The meetings next day kept me thoroughly occupied. However, even after my last meeting I had some 3 hours to spare. I thus decided to indulge in a touristy escapade. On the way to Kochi airport you will spot a cylindrical, domed building – a museum dedicated to the history of Kerala. They host an hour long sound and light show thrice a day. The last show begins at 4:00 but this being a working day I was the only person at the ticket counter. I purchased the 8 Re ticket and sauntered in the museum’s small but very well maintained garden. Since photography inside the museum was prohibited, I made the most of the moments outside:

The curator beckoned me in sharp at 4:00 and the show began. It was remarkably cool inside despite lack of air-conditioning and dark too. Never before in my life have I been the sole soul inside a museum! This made the entire experience a little spooky. I kept thinking of my plight if the life-sized mannequins were to come to life – the power-cut which intervened just before the first half of the show ended, did little to make me comfortable. The show provided a concise but interesting insight into the history of Kerala and I would recommend it highly to anyone visiting Kochi.

As I resumed the drive back to the airport, the sun was setting again. This being September, Kerala is now witnessing “retreating” monsoons. The sky even though it looked dark and threatening didn’t pour but provided a fantastic milieu for my little photography session before sunset:

When I reached airport, there were still two hours to my flight. The airport was completely deserted and for a moment I wondered if I had come to a wrong building. Only minutes before the flight was there any activity near the check-in counters and I was eventually issued my boarding pass. As I stepped out of the airport terminal to board the plane, a queer chill rand down my spine. Mine was the only plane standing outside. Except for a circle of arc-lights suspended from a three storey high pole, there was no light for miles and miles ahead. The entire setting made me feel extremely small. I looked up and saw no moon in the overcast sky, instead my eyes caught a couple of mosquitoes glowing in the dark as they hovered high above the plane. Ten minutes later, the plane soared above the clouds and struggled through the rough weather to Bangalore.
posted: 28.9.04


Deepak, your prose is poetic. Well, that I need not tell. But those pictures - ha, I want to run to Kochi rightaway!

Well, here's another one, dying for home. Sigh.

PS: Remember me?

By Blogger sajith, at 28.9.04  

Hey Sajith, thanks for dropping by on my blog! Yup I remember you! [I am usually not very bad at remembering people - in fact lot better at it than I used to be at calculus :-)]
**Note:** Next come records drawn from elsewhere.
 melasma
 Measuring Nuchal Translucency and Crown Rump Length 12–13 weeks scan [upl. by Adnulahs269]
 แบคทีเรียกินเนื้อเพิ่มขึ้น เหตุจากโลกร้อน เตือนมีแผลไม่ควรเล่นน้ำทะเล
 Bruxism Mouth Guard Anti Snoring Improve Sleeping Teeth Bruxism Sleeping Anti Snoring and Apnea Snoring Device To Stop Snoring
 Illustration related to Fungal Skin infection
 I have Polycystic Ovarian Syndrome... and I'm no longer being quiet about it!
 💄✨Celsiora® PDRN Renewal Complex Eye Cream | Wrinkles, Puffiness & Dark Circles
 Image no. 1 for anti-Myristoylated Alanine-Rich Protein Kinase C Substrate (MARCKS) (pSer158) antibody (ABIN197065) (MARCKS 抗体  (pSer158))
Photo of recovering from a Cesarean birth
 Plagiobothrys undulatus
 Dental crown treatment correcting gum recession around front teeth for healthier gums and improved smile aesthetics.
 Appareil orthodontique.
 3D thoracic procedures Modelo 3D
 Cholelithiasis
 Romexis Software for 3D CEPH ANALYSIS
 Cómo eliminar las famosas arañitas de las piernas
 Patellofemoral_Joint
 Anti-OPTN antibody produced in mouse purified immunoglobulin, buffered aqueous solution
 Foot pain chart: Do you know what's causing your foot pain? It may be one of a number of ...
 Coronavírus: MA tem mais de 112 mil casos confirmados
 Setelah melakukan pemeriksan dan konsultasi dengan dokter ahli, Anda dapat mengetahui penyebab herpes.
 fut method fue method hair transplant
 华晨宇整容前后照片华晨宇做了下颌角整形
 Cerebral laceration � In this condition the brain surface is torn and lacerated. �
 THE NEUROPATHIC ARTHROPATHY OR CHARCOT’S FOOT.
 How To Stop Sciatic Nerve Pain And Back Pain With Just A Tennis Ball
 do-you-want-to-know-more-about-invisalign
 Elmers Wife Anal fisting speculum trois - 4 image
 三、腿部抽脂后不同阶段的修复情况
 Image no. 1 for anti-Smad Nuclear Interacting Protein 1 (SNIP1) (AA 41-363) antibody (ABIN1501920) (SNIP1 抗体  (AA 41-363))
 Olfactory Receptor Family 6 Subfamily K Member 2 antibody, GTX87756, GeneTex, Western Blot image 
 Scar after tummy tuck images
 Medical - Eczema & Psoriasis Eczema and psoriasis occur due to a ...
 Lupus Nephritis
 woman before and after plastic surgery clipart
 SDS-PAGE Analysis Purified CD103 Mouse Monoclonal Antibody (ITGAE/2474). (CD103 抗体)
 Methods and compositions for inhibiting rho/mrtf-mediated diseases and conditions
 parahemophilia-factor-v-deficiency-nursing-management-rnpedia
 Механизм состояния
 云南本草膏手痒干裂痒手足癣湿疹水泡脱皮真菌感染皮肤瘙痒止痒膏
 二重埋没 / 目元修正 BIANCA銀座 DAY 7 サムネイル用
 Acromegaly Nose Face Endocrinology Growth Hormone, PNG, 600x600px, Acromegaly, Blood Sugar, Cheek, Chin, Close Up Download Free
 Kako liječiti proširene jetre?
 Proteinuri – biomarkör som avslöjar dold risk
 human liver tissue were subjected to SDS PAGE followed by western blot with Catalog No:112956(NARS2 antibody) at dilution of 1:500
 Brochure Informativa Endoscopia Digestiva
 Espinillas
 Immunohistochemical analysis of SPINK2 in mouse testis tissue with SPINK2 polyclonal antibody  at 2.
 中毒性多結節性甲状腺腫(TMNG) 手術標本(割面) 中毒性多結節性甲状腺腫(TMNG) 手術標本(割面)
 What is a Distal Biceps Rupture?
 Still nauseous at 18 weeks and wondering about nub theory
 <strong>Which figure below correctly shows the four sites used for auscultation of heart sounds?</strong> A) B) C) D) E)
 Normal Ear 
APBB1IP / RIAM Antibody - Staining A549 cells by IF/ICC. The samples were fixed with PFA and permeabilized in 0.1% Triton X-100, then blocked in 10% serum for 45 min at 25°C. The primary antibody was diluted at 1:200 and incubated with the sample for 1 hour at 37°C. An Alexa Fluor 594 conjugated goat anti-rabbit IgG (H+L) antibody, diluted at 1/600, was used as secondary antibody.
By Blogger Deepak, at 3.10.04  

Your entry captured the two things that mean a lot to me: Mumbai and the monsoons. Hazy skyline or not, you are very unlikely to hear a critical remark on the city from a hard-core Mumbaikar like me. I have been in the US for the past few years, and the one thing that I miss the most are the monsoons. Coming from guy who gets rains all the time (I live in Seattle :-)), you can imagine the kind of impact they must have had. The perceptible drop in temperature, the gentle breeze beginning to gain force, the first drops crashing to the ground, the water carried by the wind on its shoulders .... I could go on. Anyway, it was nice reading your blog, hope to do so more often.